● **EXERCISE AIM**: Transcribe exactly the lines from the one holding "Black Silver Dress" through the closing line of the entries below. Pictures stay out of the copy.

● **Short descriptive text snippets**:
·····

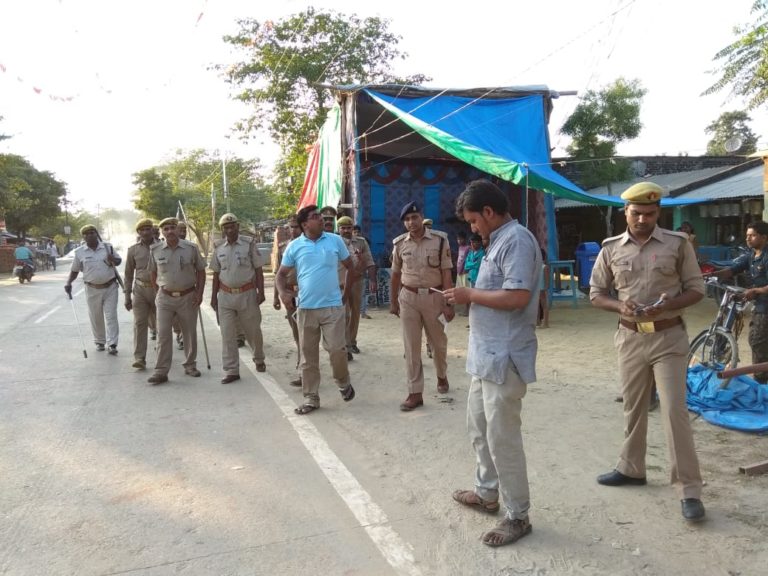 नवरात्र पर्व एवं दशहरा के मद्देनजर अधिकारीयों ने किया रूट मार्च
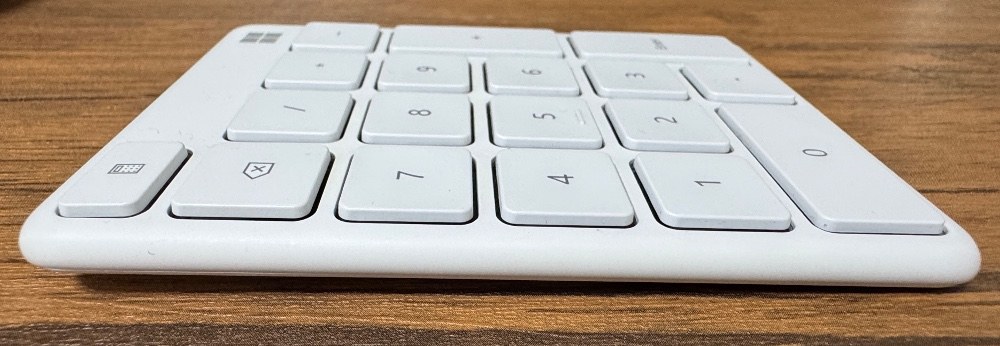 置いたとき。傾斜が少ない。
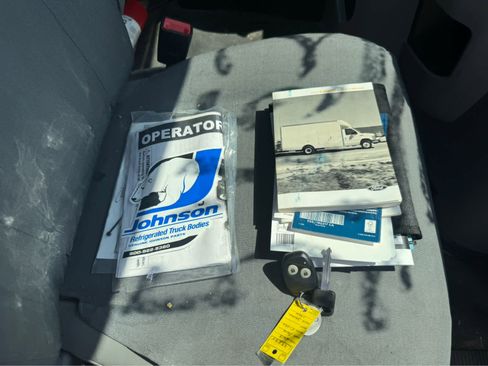 Used 2018 Ford E-450 and Econoline 450 Super Duty w/ Power Windows & Locks Group image 20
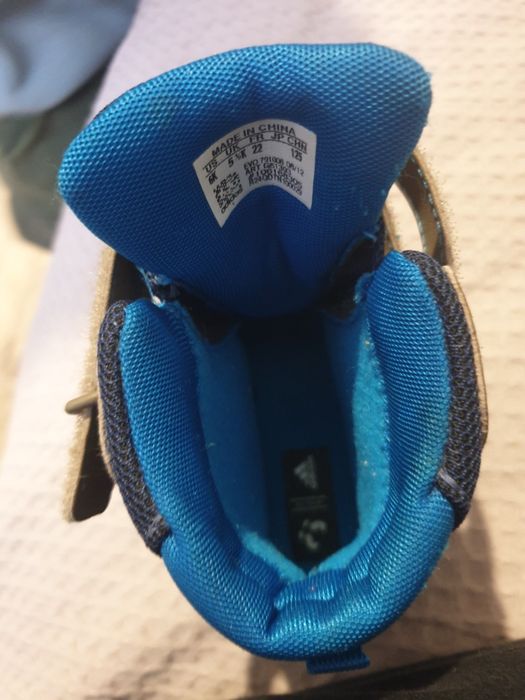 Черевики Adidas розмір 22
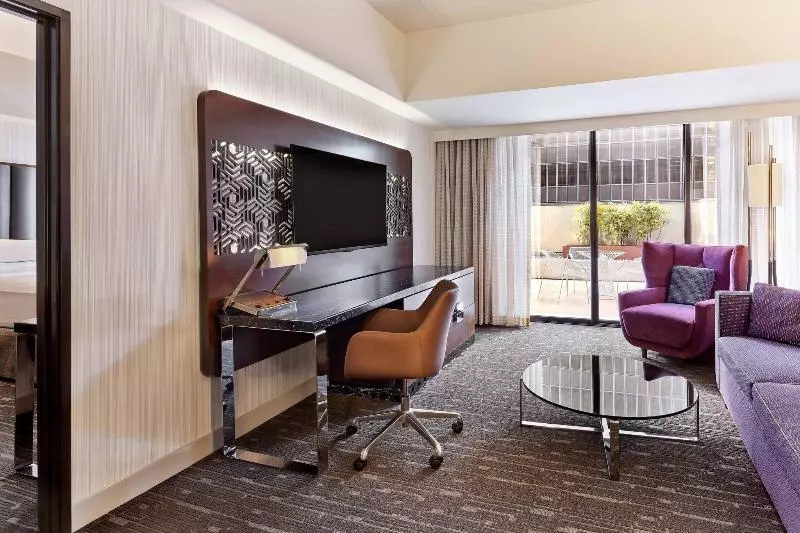 Sviitti Liikuntarajoitteisille, Sheraton Grand Los Angeles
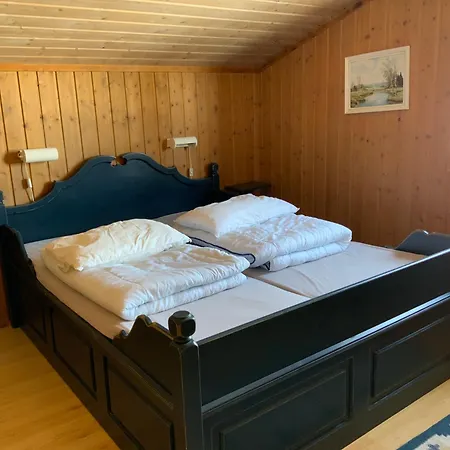Nyaraló Lostegard *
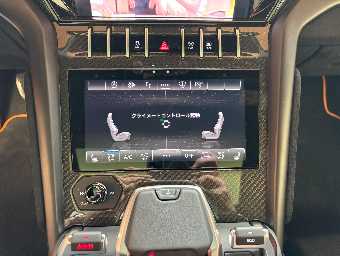 LAMBORGHINI URUS 2024 Image 46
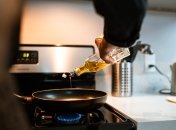 Чого не потрібно робити з олією.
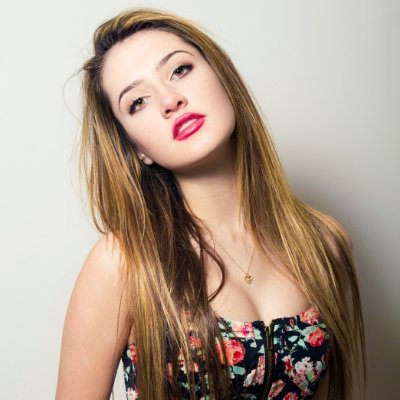 Emma44509942's profile picture. 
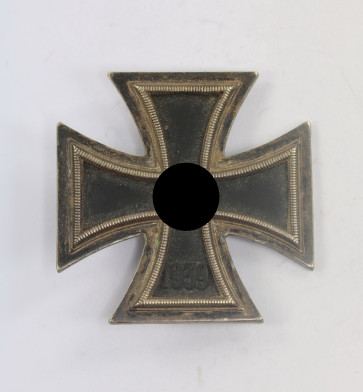 Eisernes Kreuz 1. Klasse 1939, Arbeitsgemeinschaft der Hanauer Plakettenhersteller, Hanau (24) - Militaria-Berlin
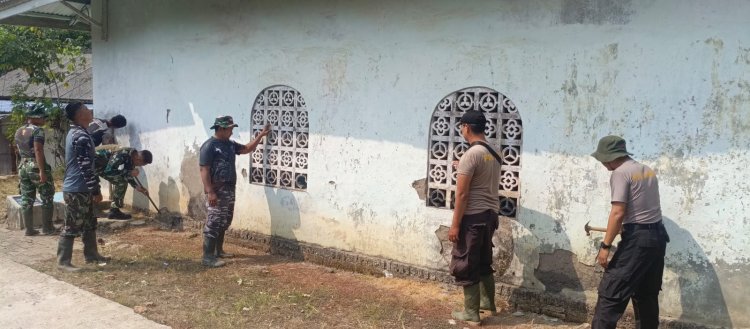 Anggota Satgas TMMD Ke-129 Kodim 0601/Pandeglang Laksanakan Perehaban Masjid sebagai Sasaran Tambahan Fisik TMMD di Desa Pasirgadung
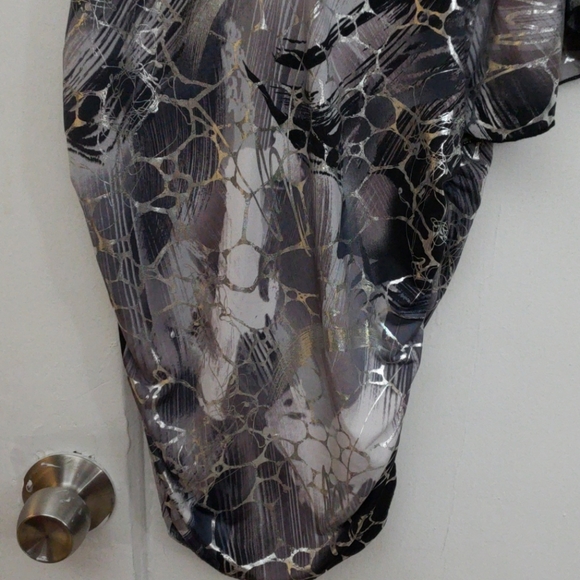 Black Silver Dress With Matching Mask - Picture 7 of 8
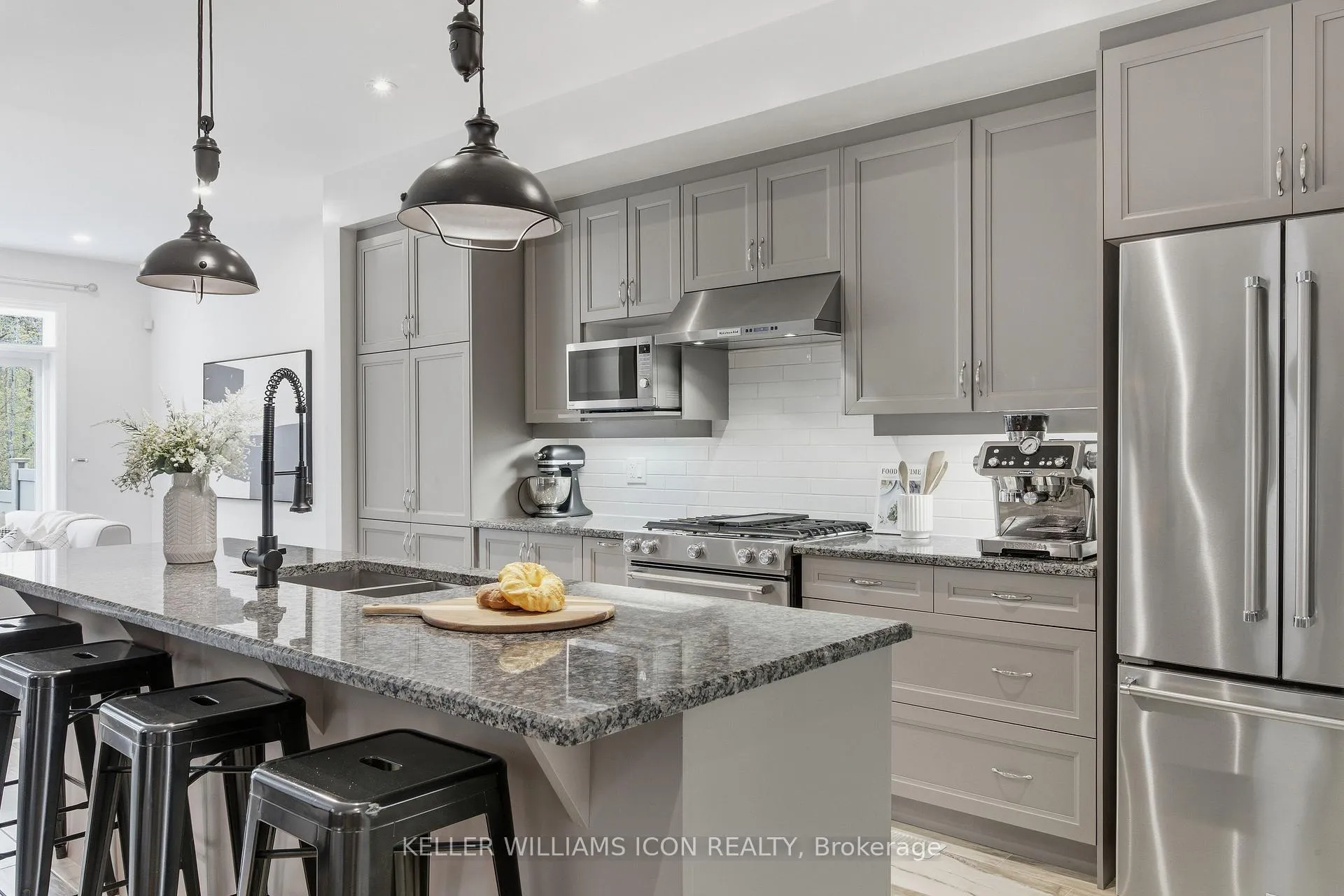 Photo 10 of 188 Larimar Circle, Ottawa, Riverside South/Gloucester Glen — HOMEH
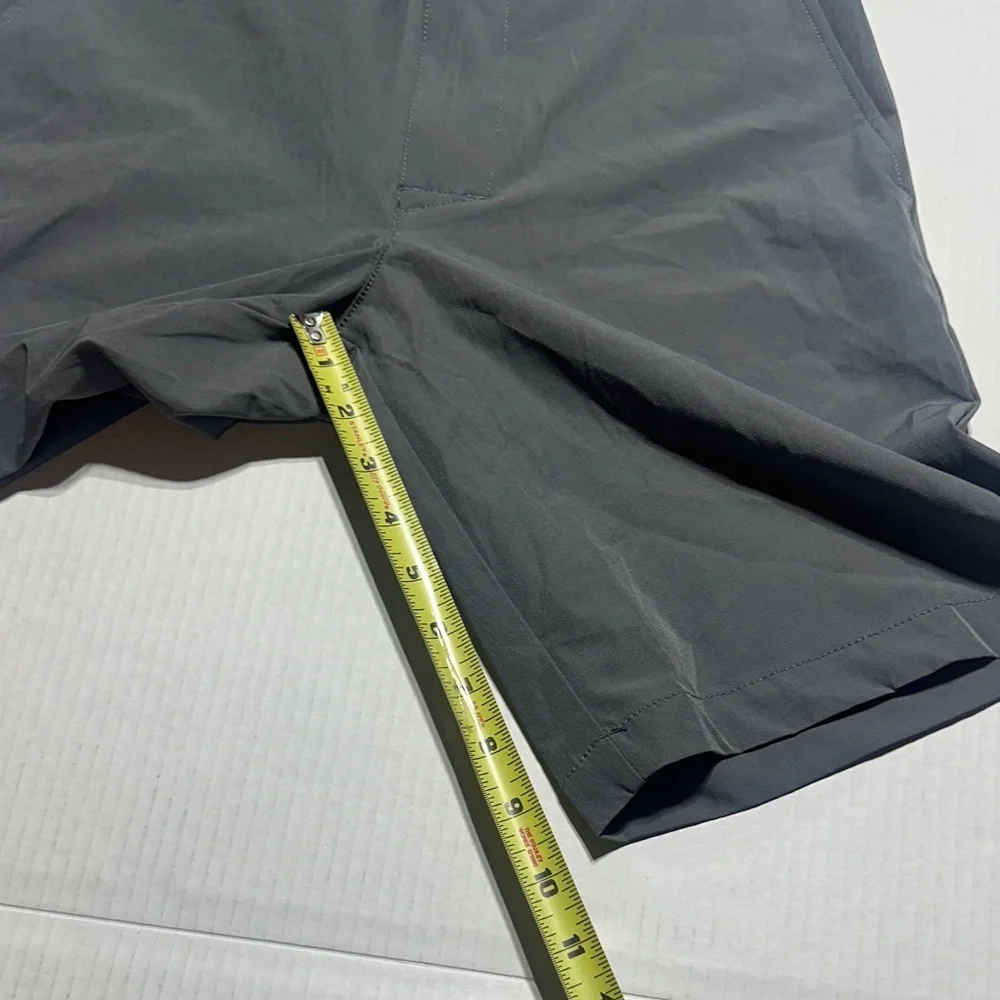 NWT Banana Republic Gray comfort flat front Shortsw pockets & zipper lightweight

·····

● **SOLUTION**:
 Black Silver Dress With Matching Mask - Picture 7 of 8
 Photo 10 of 188 Larimar Circle, Ottawa, Riverside South/Gloucester Glen — HOMEH
 NWT Banana Republic Gray comfort flat front Shortsw pockets & zipper lightweight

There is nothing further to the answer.